CONSULTING AGREEMENT
THIS CONSULTING AGREEMENT, dated as of March 25, 1997 by and between
LifeRate Systems, Inc., a Minnesota corporation (the "COMPANY") and Xxxxxxx X.
Xxxxxxx, M.D., the manager and principal member of APF, LLC, an individual
presently residing in the State of Oregon ("Consultant").
A. The Company and Consultant desire to establish a consulting
arrangement under which Consultant would serve as consultant and senior advisor
to the Company.
B. The Company desires reasonable protection of its confidential
business and technical information that has been acquired and is being developed
by the Company at substantial expense.
C. Consultant has functioned as the co-inventor and system architect
for the Company for the past two years and wishes to continue to work with the
Company in this regard.
D. The Company wishes to obtain reasonable protection against unfair
competition from Consultant following termination of engagement and to further
protect against unfair use of its confidential business and technical
information and Consultant is willing to grant the Company the benefits of a
covenant-not-to-compete for these purposes.

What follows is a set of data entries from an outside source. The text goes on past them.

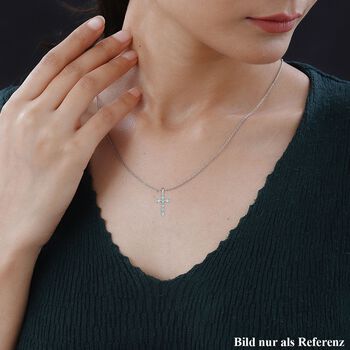 Paraiba-Apatit Anh&auml;nger 925 Silber platiniert ca. 1.24 ct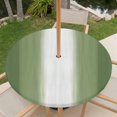 thumbnail image 6 of Round Outdoor Tablecloth with Umbrella Hole and Zipper, Dark Green Striped Fitted Table Cover with Elastic Edge for 55-60 Inch, Green White Ombre Farmhouse Gradient Waterproof Patio Tablecoths, 6 of 9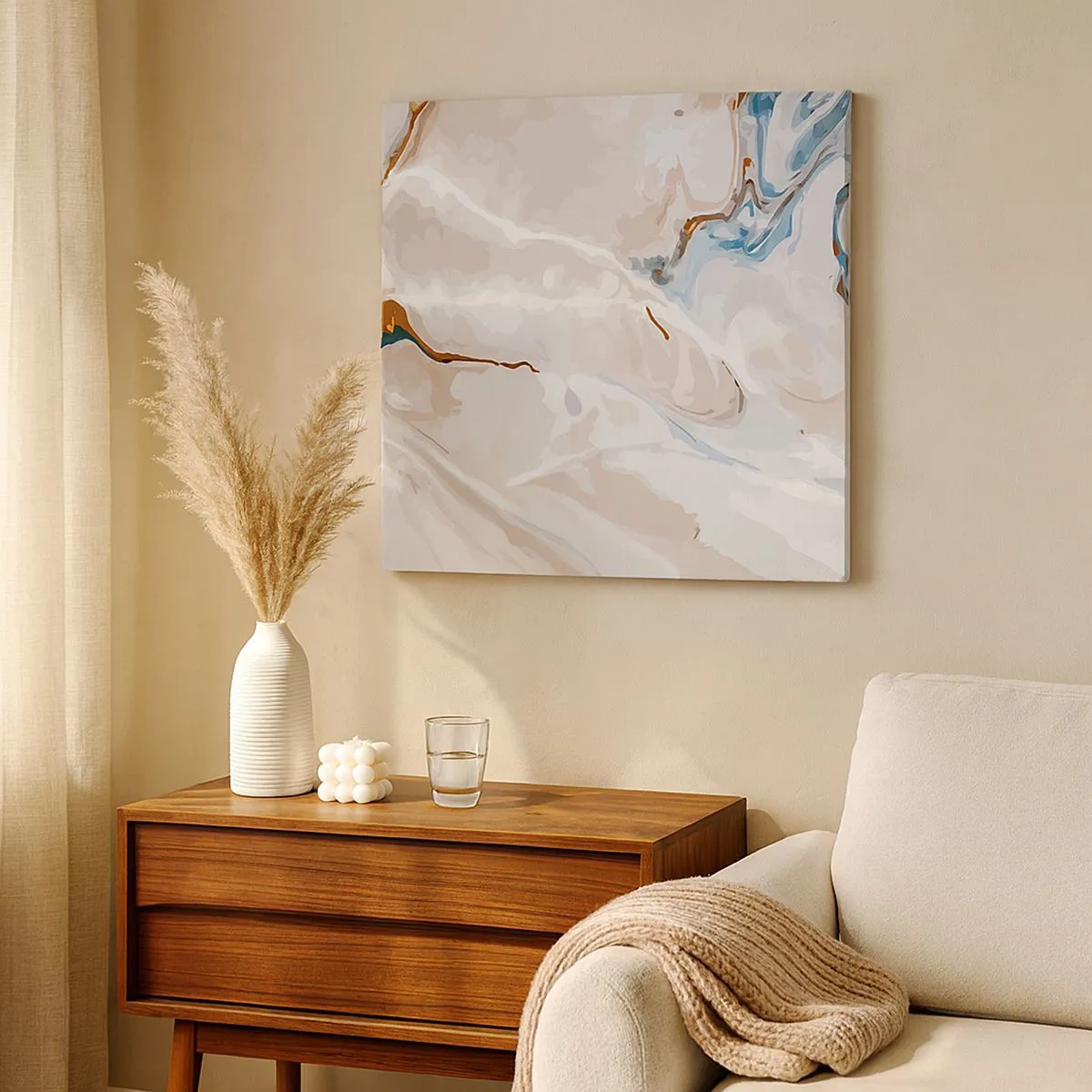 Obraz na plátně - Modré meandry pod bílou - 30x30 cm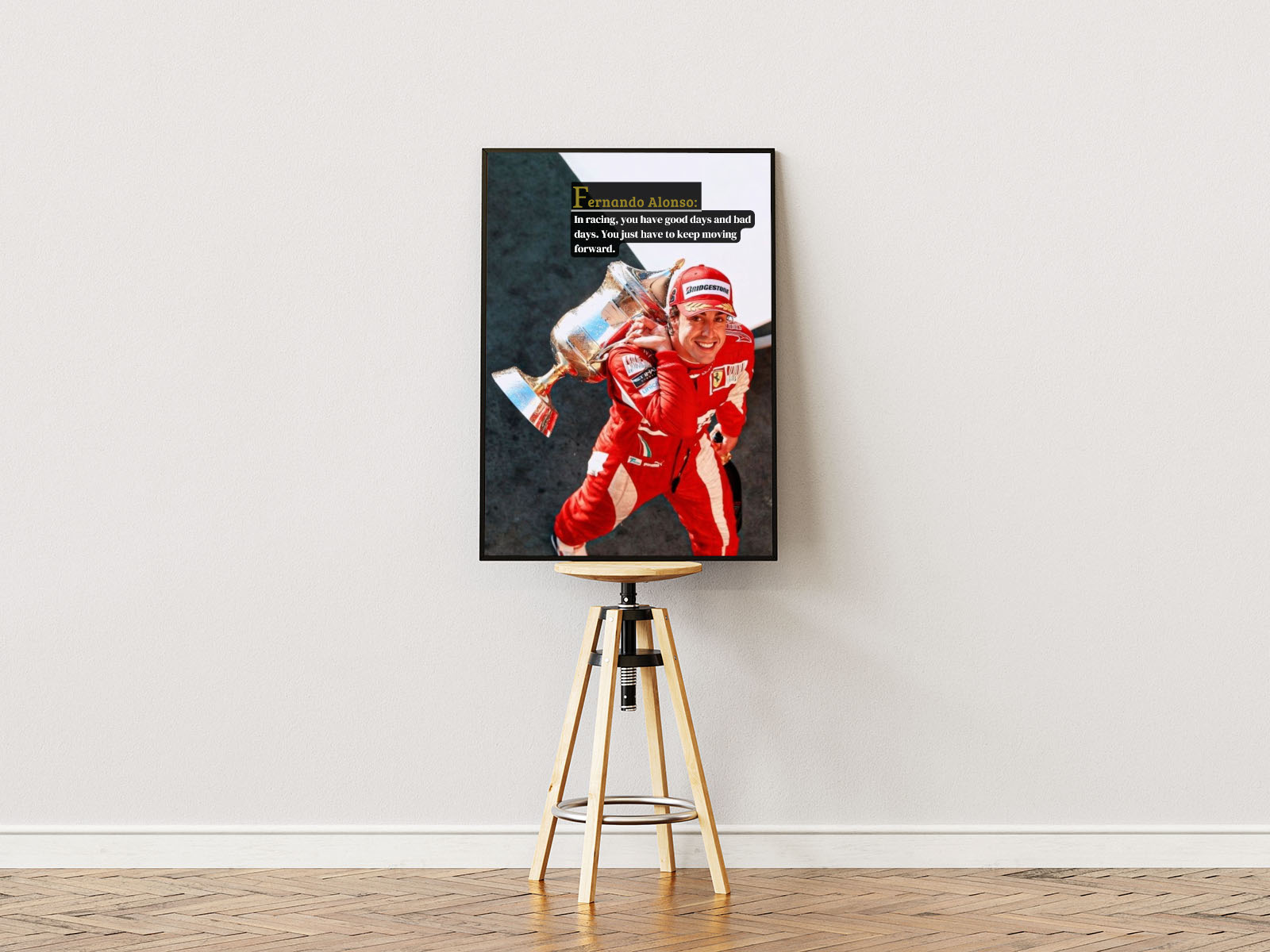 Poster ständer Poster mit Rahmen Rennfahrer Formel 1 Fernando Alonso mit Pokal und motivationszitat und überschrift in rot und grau und weiß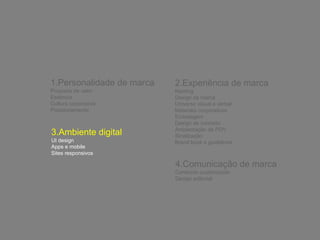1.Personalidade de marca 
Proposta de valor 
Essência 
Cultura corporativa 
Posicionamento 
2.Experiência de marca 
Naming 
Design de marca 
Universo visual e verbal 
Materiais corporativos 
Embalagem 
Design de conceito 
Ambientação de PDV 
Sinalização 
Brand book e guidelines 
3.Ambiente digital 
UI design 
Apps e mobile 
Sites responsivos 
4.Comunicação de marca 
Conteúdo customizado 
Design editorial 
 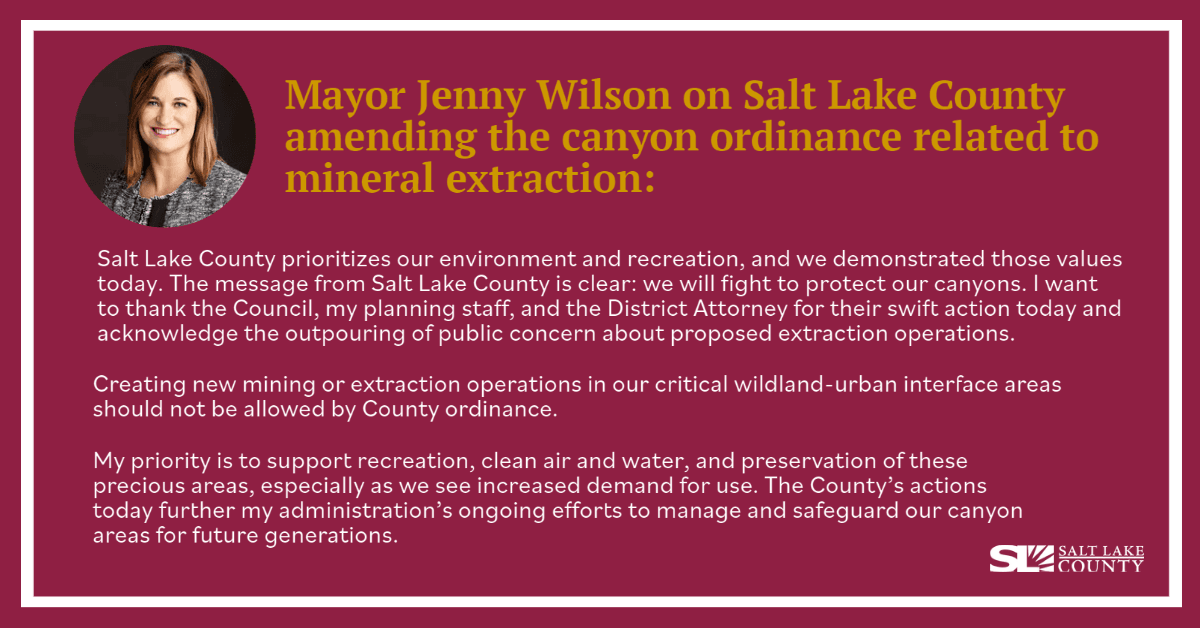 Mayor Wilson Quarry Statement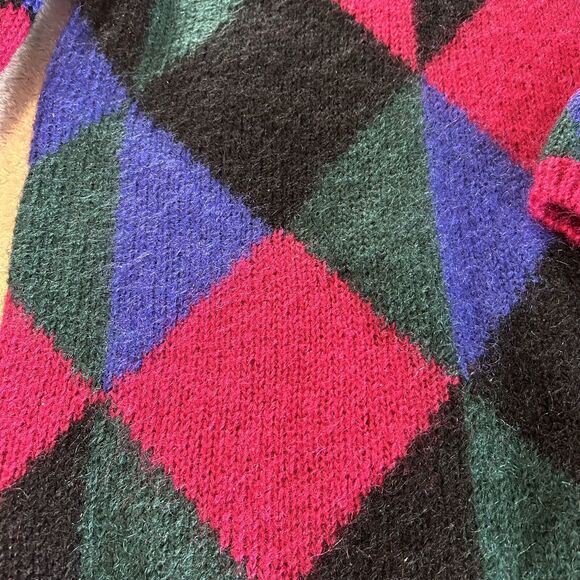 Vintage Sweater Large Mohair Long Line Pink Wool Blend Color Block Fuzzy Grunge - Picture 4 of 12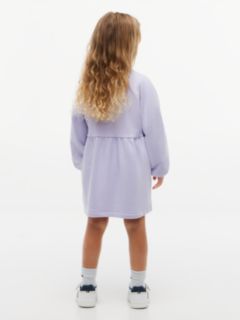Flag Embroidery Relaxed Terry Sweatshirt Dress — Purple 4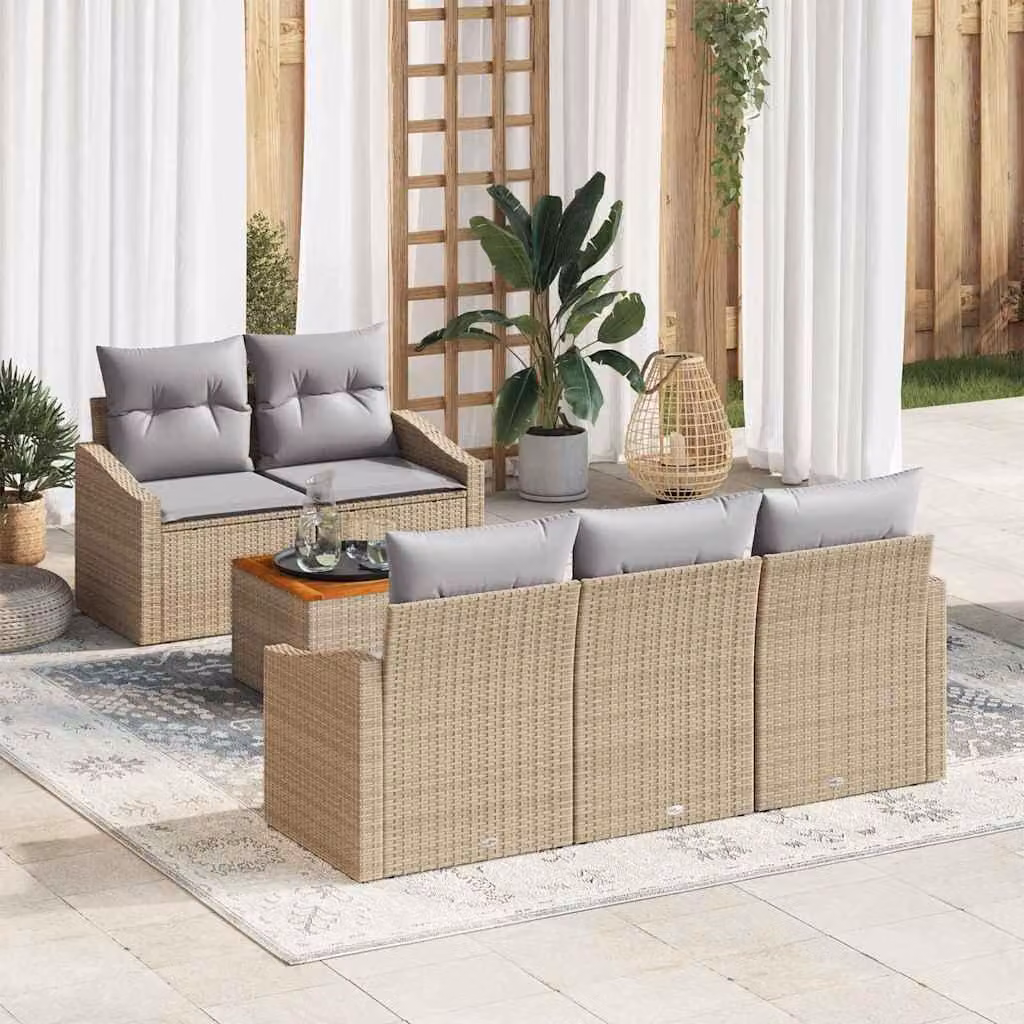 Maison Exclusive - Set Divano da Giardino 6 pcs Beige e Grigio Chiaro polyrattan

In consideration of the foregoing and of the respective covenants and
agreements of the parties herein contained, the receipt and sufficiency of which
consideration are hereby acknowledged, the parties hereto agree as follows:
1. Consultancy and Senior Advisor.
(a) The Company agrees to retain Consultant as a consultant and senior
advisor, and Consultant agrees to serve the Company, on the terms and conditions
set forth herein. The retention of Consultant by the Company as a consultant and
senior advisor shall be for the period commencing on April 1, 1997 and expiring
April 1, 2002 (the "Expiration Date"), unless such consultancy shall have been
sooner terminated as hereinafter set forth in Section 4.
(b) This Agreement shall be renewable for subsequent two (2) year
periods upon mutual agreement of the parties.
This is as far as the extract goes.